何とか、成都の兵を城外に引っ張り出したいが、どう仕掛けても成都から兵が出てくる気配はない。
いくら豪族が味方をしているとしても、これだけの兵数の兵糧を保てるかといえば、さすがに苦しい。兵糧の量自体は、圧倒的に成都が有利であることを趙韙は知っている。
「龐羲め・・・。やはり籠城してきたか。」
打開策のないまま、刻一刻と日は過ぎていく。豪族たちの最初の勢いはもはや感じられず、誰から見ても士気が停滞しているのは明らかであった。
「まずい、このままでは・・・。」
趙韙に焦りが生じた。そして、趙韙は豪族たちに更なる兵糧の追加命令を出した。
しかし、豪族たちも出したくても出す兵糧が無く、一部の者たちはこの命令に大きな不満を抱えるようになった。

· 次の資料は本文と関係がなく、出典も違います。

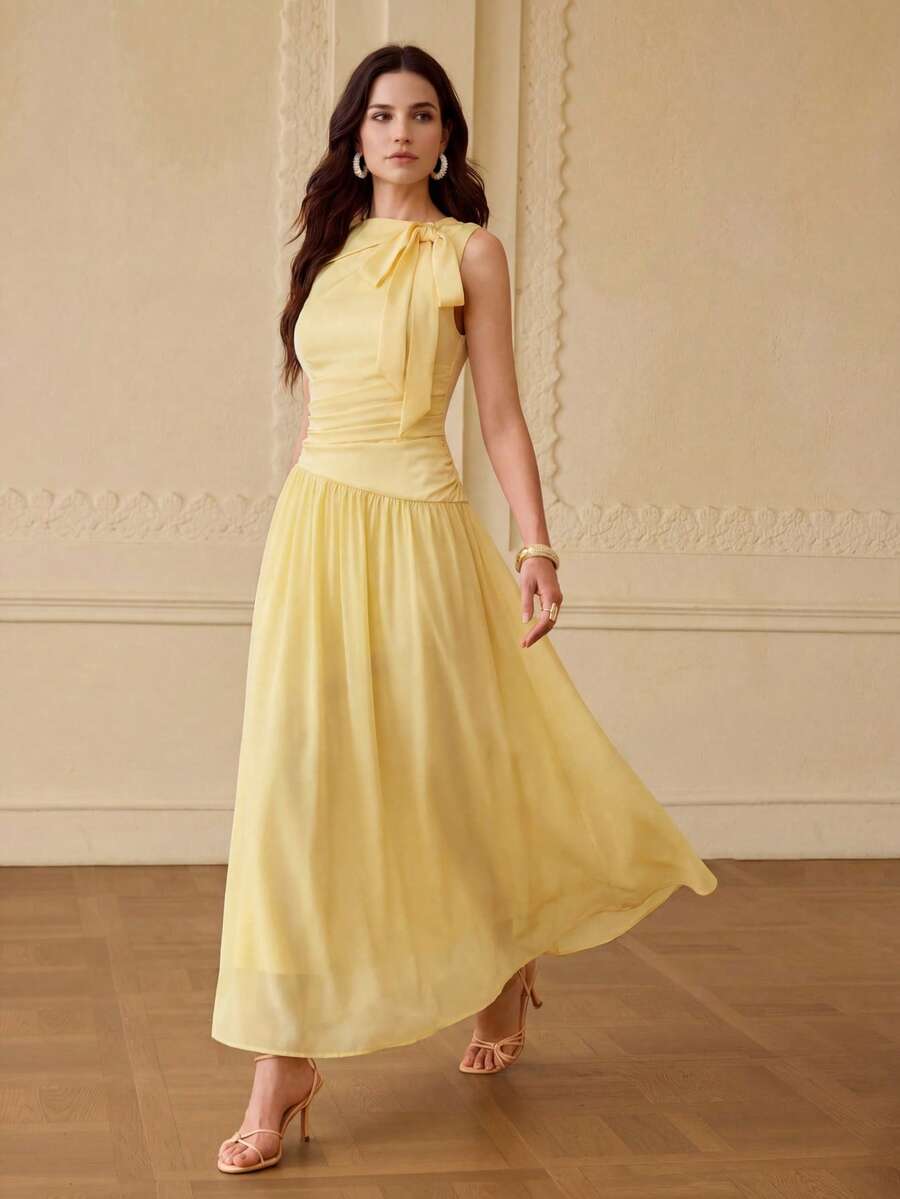 ZEYLAH ROBE ÉLÉGANTE ASYMÉTRIQUE À NŒUD PAPILLON, FLUIDE ET ROMANTIQUE, MI-LONGUE - Jaune citron - Voir 1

成都の城壁から、龐羲は毎日注意深く趙韙と豪族たちの様子を見ている。そして、「ここだ」確信が出来た。
―深夜―
龐羲は城門を開き、夜襲をかけた。
士気も衰え、緊張感もなくなってきた豪族たちは、散り散りになり、逃げまわった。龐羲の一撃で、勝負は決まったようなものだった。

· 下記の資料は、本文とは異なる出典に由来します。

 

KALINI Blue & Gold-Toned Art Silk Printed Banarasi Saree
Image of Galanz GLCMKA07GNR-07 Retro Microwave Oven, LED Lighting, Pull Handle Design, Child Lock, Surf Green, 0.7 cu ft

趙韙は夜陰に紛れ逃亡したが、一部豪族の裏切りに会い、捕らわれて、龐羲に引き渡された。
「趙韙の身柄確保」の一方は、深夜ではあるが、劉璋に届けられた。劉璋は、趙韙と会うことにした。そして言う。
「趙韙よ。そなたほどの忠臣が何故、この様なことになったのだ。」
「今更理由を言ってもしょうがない。敢えて言うなら、あなたの無為無策、優柔不断に家臣としてついていくことが出来ない、と思ったまでだ。」
「そういった君主を支えるのも家臣、の役目ではないのか。」
「それにも限界があります。劉焉様は、本当に素晴らしかった。その決断力と行動力、何故、息子のあなたにはないのであろうか。」
趙韙は笑いながら言った。
劉璋は、もし、趙韙が命乞いをするのならば、その命は助けてもいいのではないか、と考えていた。しかし、今の言葉と、趙韙の失笑でその考えは消えた。
「趙韙と豪族の主だった者、全て斬首して市中にさらすように。」
こうして、趙韙の反乱は龐羲に敗れて終わりを迎えた。
龐羲は、今回の褒賞として、巴西太守に任ぜられた。